Ted Simons: This sounds like it could be a real donnybrook. How far could this go through the legislature, how far on the governor's desk?
Jim Small: No reason it couldn't get to the governor's desk. You have a supermajority of Republicans that control both chambers of the legislature. You have a super conservative governor. That's been popular in Republican circles for a while now. It's interesting to see if they will get traction. Couple of the bills have been around for a while, union dues, have existed in the past and they haven't gotten to Governor Brewer's desk. This might be the year. We'll see. The one thing to note, it is an election year and you're talking about going after the public employee unions that have the most political clout in the firefighters and police. I imagine that will give some Republicans pause.

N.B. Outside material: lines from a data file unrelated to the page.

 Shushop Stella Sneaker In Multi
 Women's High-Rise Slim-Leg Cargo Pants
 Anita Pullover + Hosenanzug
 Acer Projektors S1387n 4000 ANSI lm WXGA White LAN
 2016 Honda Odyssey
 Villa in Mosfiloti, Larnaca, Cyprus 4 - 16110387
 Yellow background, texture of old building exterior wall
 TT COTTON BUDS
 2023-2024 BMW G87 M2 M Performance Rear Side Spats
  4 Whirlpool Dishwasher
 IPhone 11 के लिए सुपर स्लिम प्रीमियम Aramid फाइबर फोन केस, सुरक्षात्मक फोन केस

Ted Simons: Steve Smith is pushing a couple of immigration bills seemingly similar to those that didn't make it last time around.
Jim Small: They deal with illegal immigrants in schools and in hospitals. One of them would require hospitals when someone goes to the hospital they have to show proof of citizenship at the hospital. Hospitals are still supposed to treat them, that's federal law, but the hospital would have to compile a report, in fact call the local immigration federal immigration office and let them know we have someone here who can't prove they are a citizen. Thought you should know if you want to pick them up that would be great. Compile a report on that. The hospitals have to submit an annual report. Same thing with the schools. Basically they would require students to show proof of citizenship. They can't stop those students who can't prove that but they would make a note of it and put together a report and show here's how many students we have every year that can't prove their citizenship and here's what it costs to educate them.
Ted Simons: If these ideas couldn't make it with Russell Pearce at the Helm last go-round, any idea of their chances this time without Russell Pearce are not?
Jim Small: They got to the floor and had backing on the floor of Senate president Russell Pearce. Now you have Senate president Steve Pierce who seems to be focused more on business interests than some of this immigration stuff. It's a question as to whether they get to the floor. If they do, this legislation was included in Alabama's legislation which passed and there was some argument at the time from some of the Republicans who voted against it, this is unconstitutional. We can't do this, but those things were allowed to go into effect in Alabama. The federal judge there said, no, these are fine and let them go forward. I know Senator Smith and other proponents are pointing to that saying this stuff is legal. The reason you had last time for not voting for it are wrong. There's no doubt that will be a major -- a major arrow in the quiver for supporters.
Ted Simons: And last year we heard of immigration fatigue. Are they well rested, ready for round 2?
Jim Small: I think the folks who voted against the bills last year would say they are not and the Arizona economy still hasn't picked up and we should be focusing on that.